Task statement ▸ Write out word for word each line from the top of the material through the line that has "200717 -- BERLIN, July". Pictures do not go in.

☆ ☆ ☆ ☆

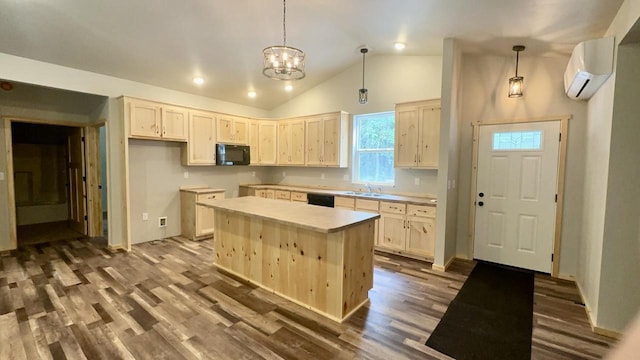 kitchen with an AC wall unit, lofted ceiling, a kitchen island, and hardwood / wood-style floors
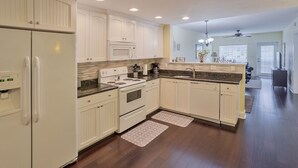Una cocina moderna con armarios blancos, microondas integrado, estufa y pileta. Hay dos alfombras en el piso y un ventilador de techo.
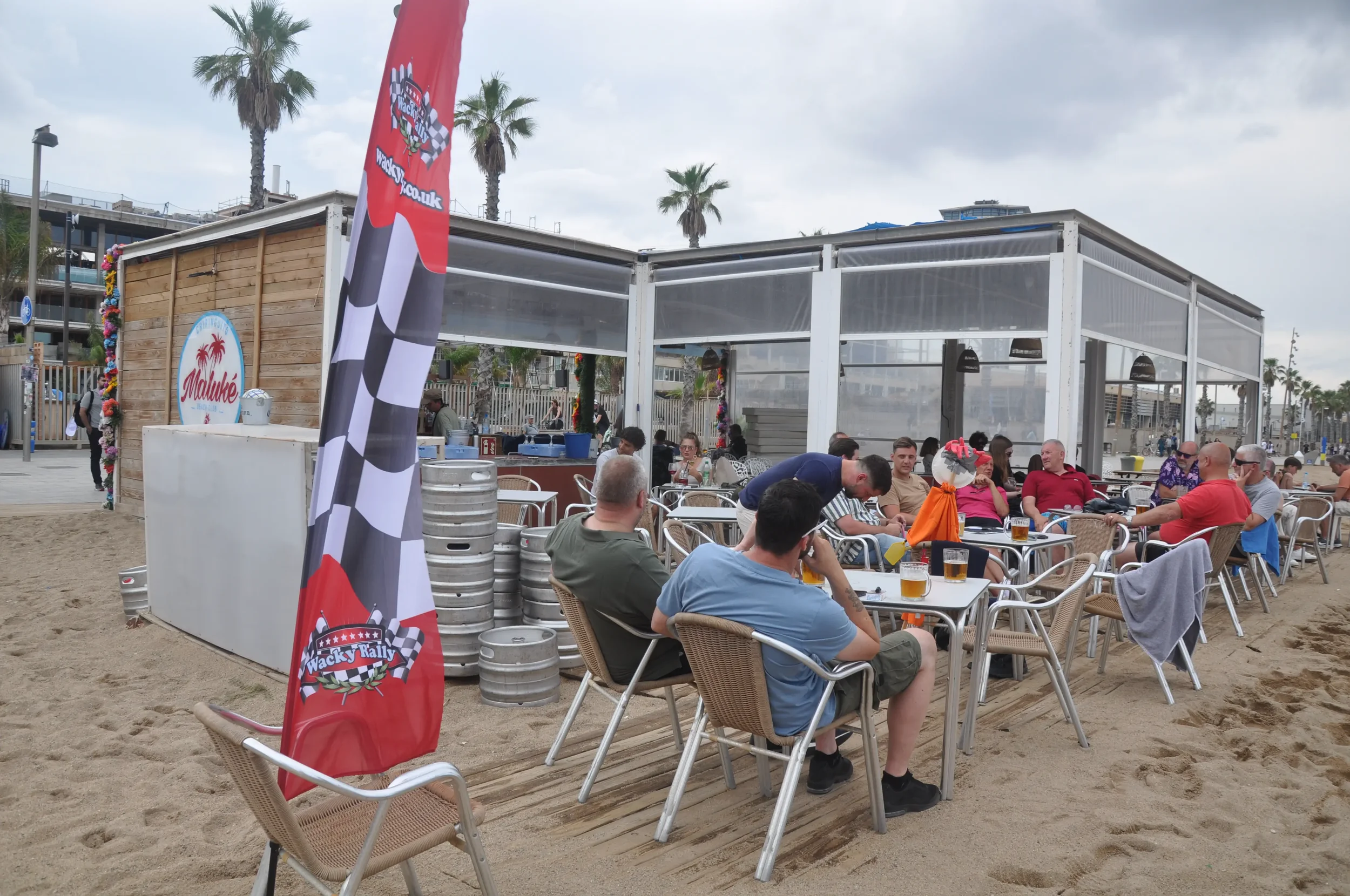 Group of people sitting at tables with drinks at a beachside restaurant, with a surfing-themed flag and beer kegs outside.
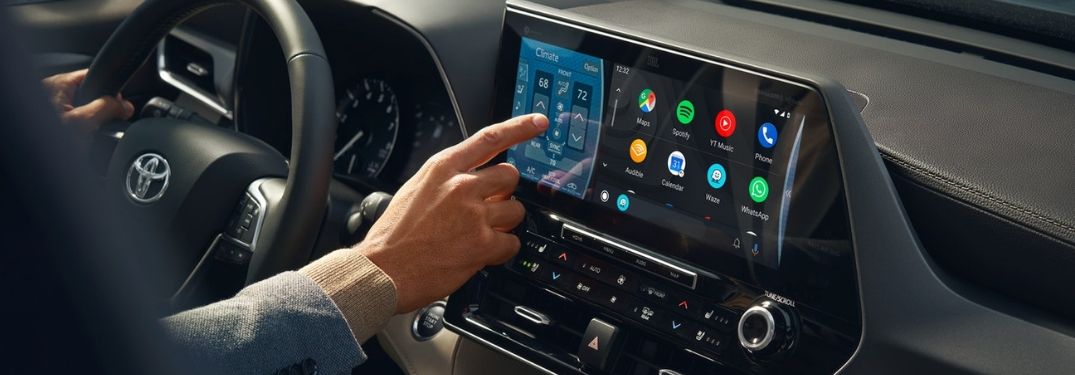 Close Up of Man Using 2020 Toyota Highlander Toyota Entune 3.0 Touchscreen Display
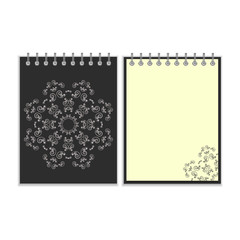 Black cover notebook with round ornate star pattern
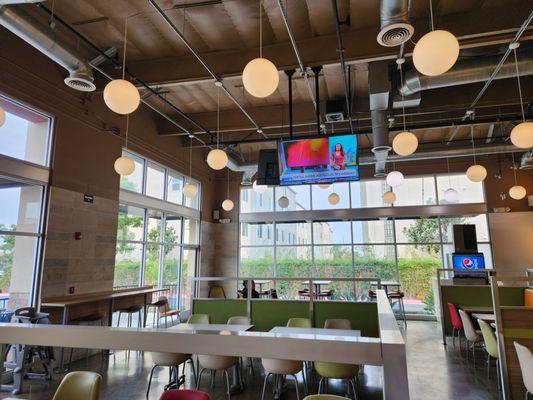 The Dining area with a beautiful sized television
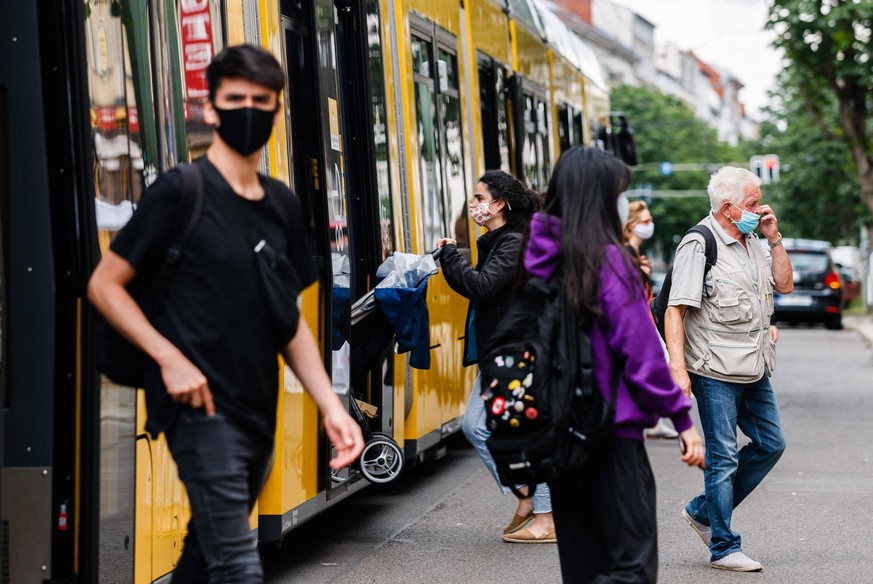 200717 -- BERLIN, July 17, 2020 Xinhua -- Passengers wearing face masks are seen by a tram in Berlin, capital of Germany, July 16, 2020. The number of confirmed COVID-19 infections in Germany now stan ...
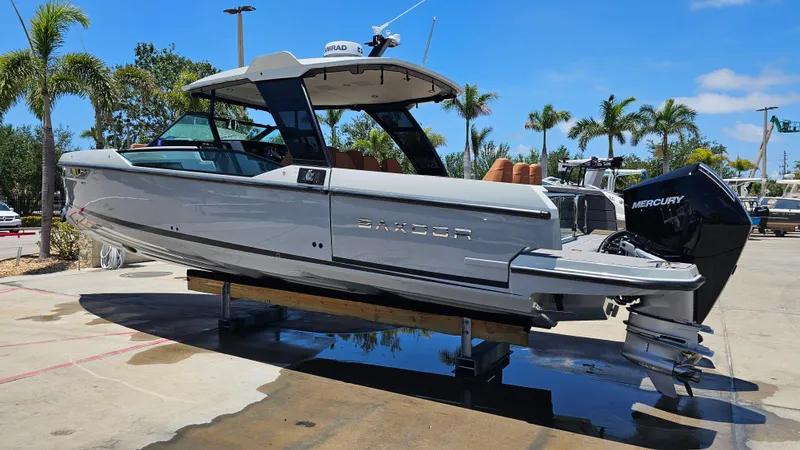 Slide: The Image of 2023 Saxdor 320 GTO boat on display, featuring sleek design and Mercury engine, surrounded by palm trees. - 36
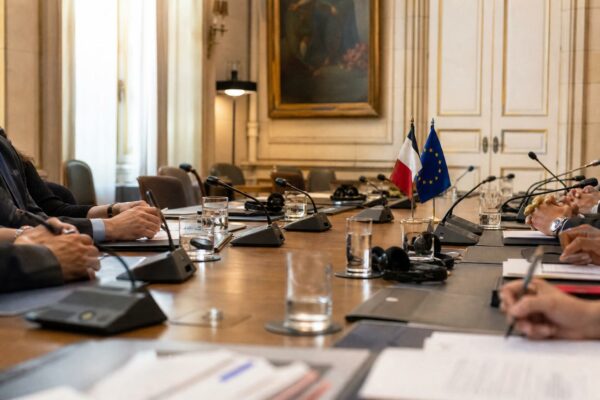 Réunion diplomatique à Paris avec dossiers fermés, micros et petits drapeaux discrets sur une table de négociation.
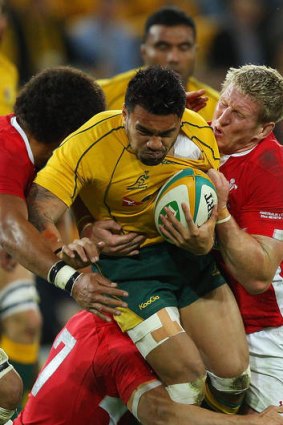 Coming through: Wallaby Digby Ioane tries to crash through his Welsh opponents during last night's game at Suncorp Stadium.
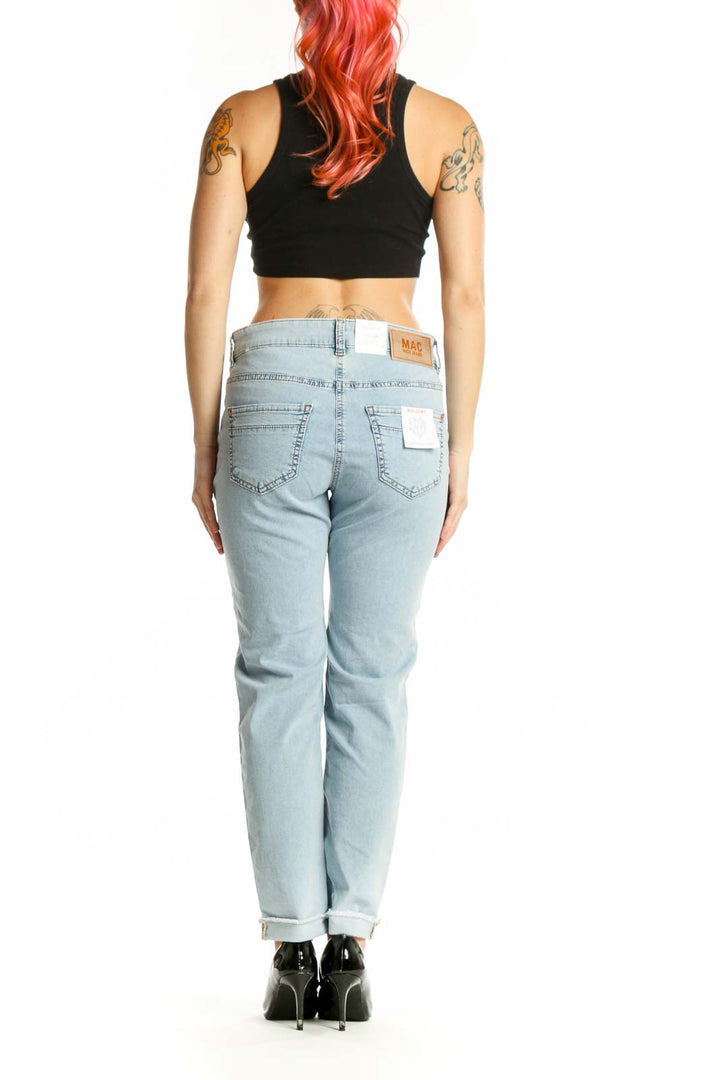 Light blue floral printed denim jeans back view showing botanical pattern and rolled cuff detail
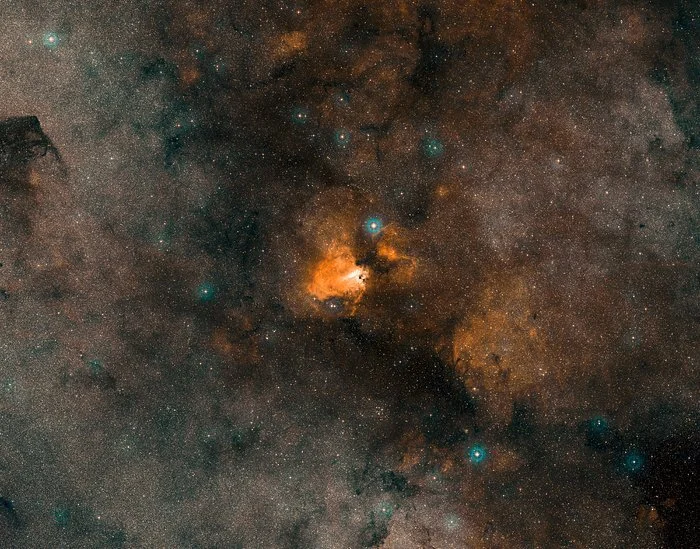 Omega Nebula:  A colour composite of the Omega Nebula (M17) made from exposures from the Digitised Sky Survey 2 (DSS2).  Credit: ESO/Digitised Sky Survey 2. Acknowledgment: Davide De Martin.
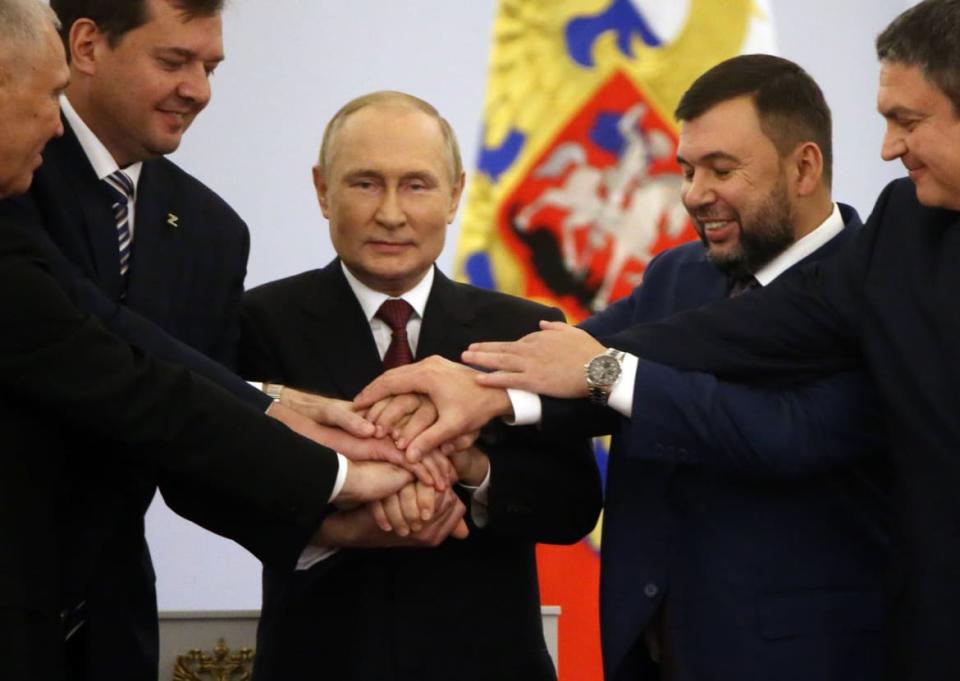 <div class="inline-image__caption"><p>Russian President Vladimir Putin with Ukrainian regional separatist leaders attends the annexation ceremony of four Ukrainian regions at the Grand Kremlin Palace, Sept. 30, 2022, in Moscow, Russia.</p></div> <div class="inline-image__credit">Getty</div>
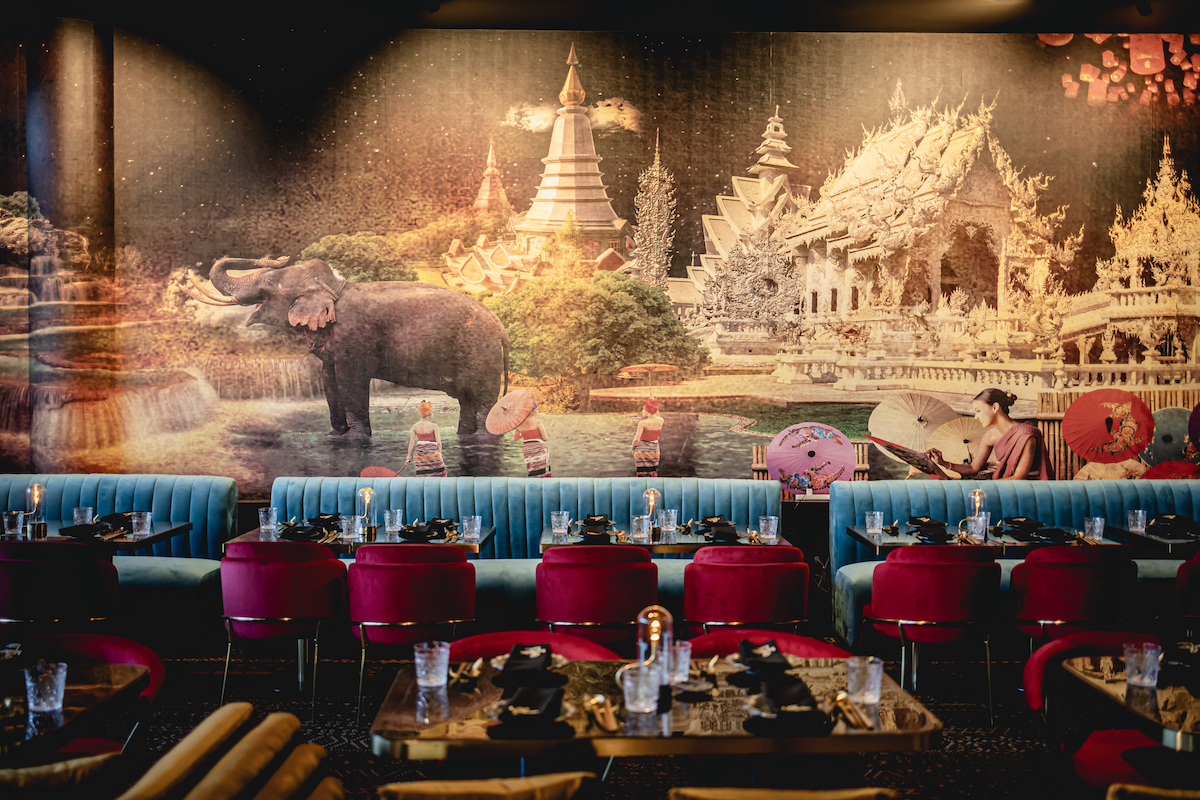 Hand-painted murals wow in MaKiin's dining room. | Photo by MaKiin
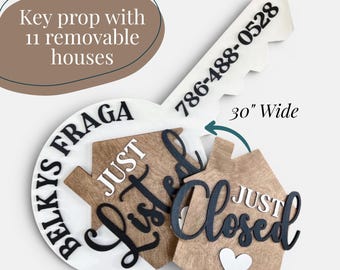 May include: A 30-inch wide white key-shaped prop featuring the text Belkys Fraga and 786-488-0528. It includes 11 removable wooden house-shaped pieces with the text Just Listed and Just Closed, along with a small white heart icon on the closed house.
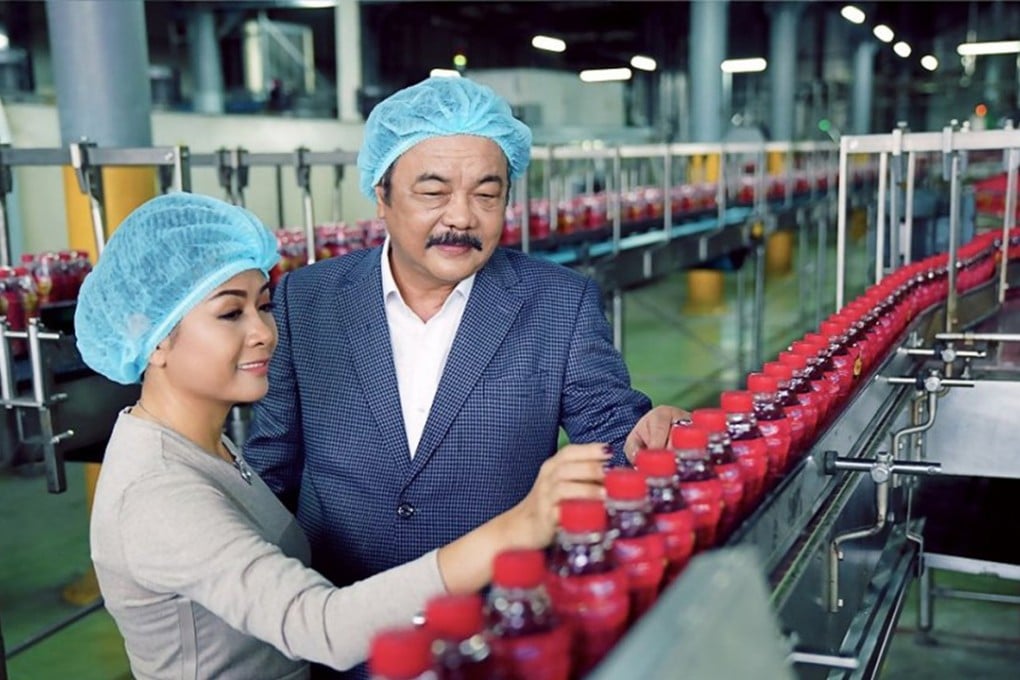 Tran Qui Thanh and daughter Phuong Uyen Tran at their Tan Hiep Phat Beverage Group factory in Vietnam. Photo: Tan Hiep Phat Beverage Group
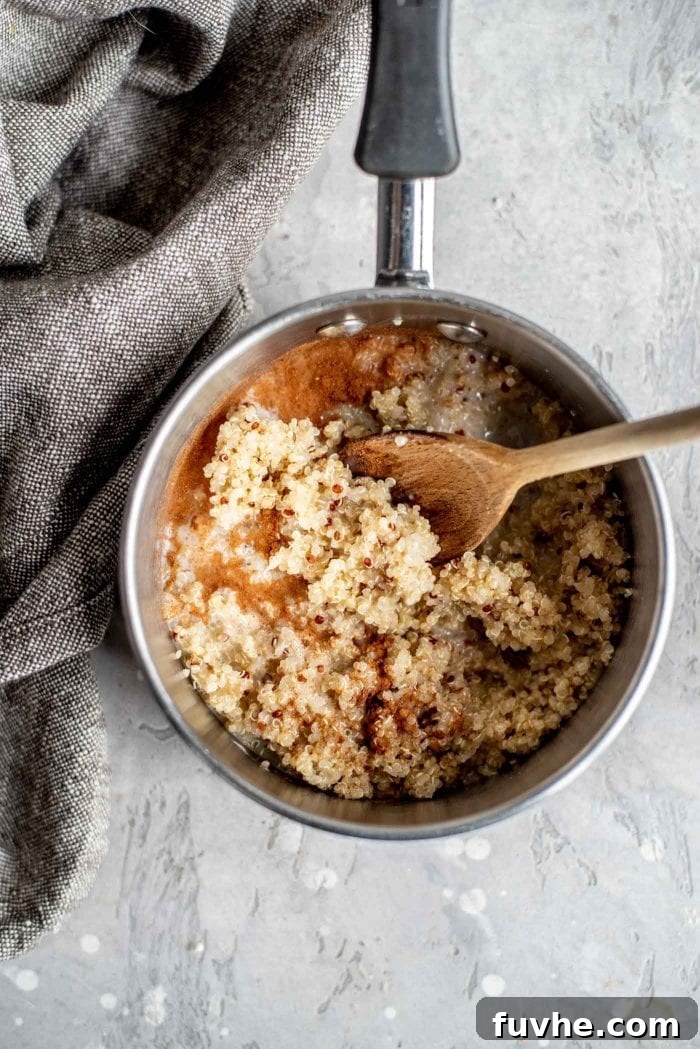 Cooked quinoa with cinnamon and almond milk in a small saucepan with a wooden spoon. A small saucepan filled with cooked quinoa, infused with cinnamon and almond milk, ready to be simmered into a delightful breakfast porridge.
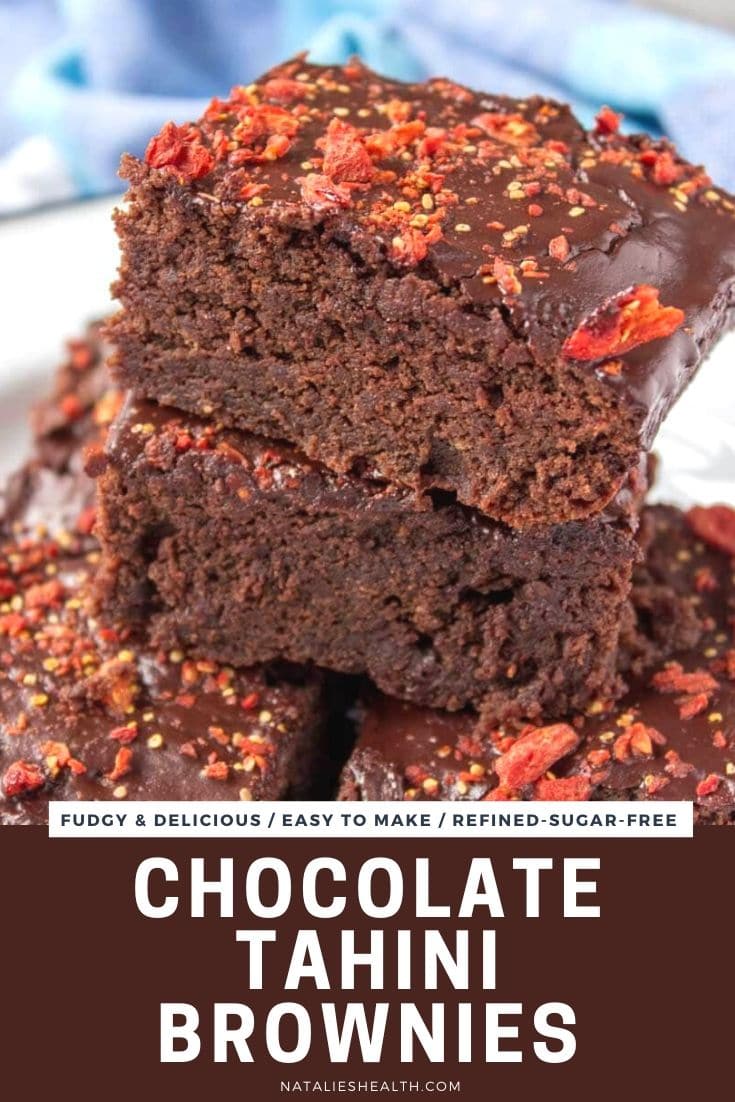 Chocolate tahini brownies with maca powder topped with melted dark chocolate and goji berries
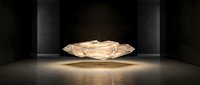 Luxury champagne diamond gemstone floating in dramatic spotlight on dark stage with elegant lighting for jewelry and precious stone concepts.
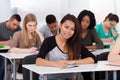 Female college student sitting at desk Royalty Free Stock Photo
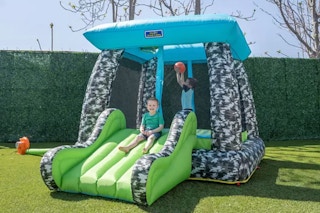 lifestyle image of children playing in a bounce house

☆ ☆ ☆ ☆

The answer ▸
 kitchen with an AC wall unit, lofted ceiling, a kitchen island, and hardwood / wood-style floors
Una cocina moderna con armarios blancos, microondas integrado, estufa y pileta. Hay dos alfombras en el piso y un ventilador de techo.
 Group of people sitting at tables with drinks at a beachside restaurant, with a surfing-themed flag and beer kegs outside.
 Close Up of Man Using 2020 Toyota Highlander Toyota Entune 3.0 Touchscreen Display
 Black cover notebook with round ornate star pattern
 The Dining area with a beautiful sized television
 200717 -- BERLIN, July 17, 2020 Xinhua -- Passengers wearing face masks are seen by a tram in Berlin, capital of Germany, July 16, 2020. The number of confirmed COVID-19 infections in Germany now stan ...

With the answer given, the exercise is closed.